Si
quelqu’un vous dit : « Je suis joyeux à l’idée que tu
existes », vous prendrez cela pour une déclaration d’amour, et
vous aurez évidemment raison. Vous aurez aussi beaucoup de chance,
parce que c’est une déclaration spinoziste d’amour, ça n’arrive pas
tous les jours, beaucoup de gens sont morts sans avoir entendu
ça ; et puis, surtout, c’est une déclaration d’amour qui ne vous
demande rien. Et ça, c’est tout à fait exceptionnel. Profitez-en
bien !
Parce que si quelqu’un vous dit : « Je
t’aime », mais s’avère être platonicien, son « je
t’aime » signifie en vérité « Tu me manques, je te
veux ». Donc il demande tout, puisqu’il vous demande vous-même.

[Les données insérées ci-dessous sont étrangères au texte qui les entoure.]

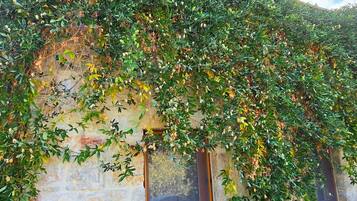 Deluxe-Zimmer, 1 Queen-Bett, Nichtraucher, Gartenblick | Ausblick vom Zimmer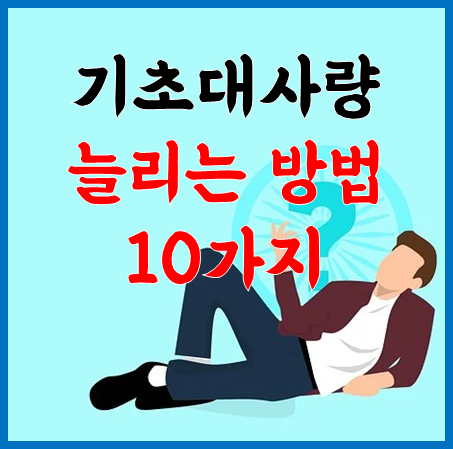 기초대사량 늘리는 방법 10가지 :: 서울 경기 제주 부산 대구 광주 대전 정보 모음 기초대사량 늘리는 방법 10가지 :: 서울 경기 제주 부산 대구 광주 대전 정보 모음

Alors que si quelqu’un vous dit : « Je t’aime » en un
sens spinoziste, cela veut dire : « Tu es la cause de ma
joie, je me réjouis à l’idée que tu existes ». Il ne demande rien
puisque votre existence suffit à le convaincre et à le satisfaire.
Pour
Spinoza, l’amour n’est pas manque. Pour lui comme pour Platon l’amour
est désir ; mais si pour Platon le désir est manque, pour Spinoza
le désir est puissance (par exemple au sens où l’on parle de la
puissance sexuelle, mais pas seulement) : puissance de jouir et
jouissance en puissance. L’amour est désir, oui, dirait Spinoza, mais
non pas manque : l’amour est puissance et joie.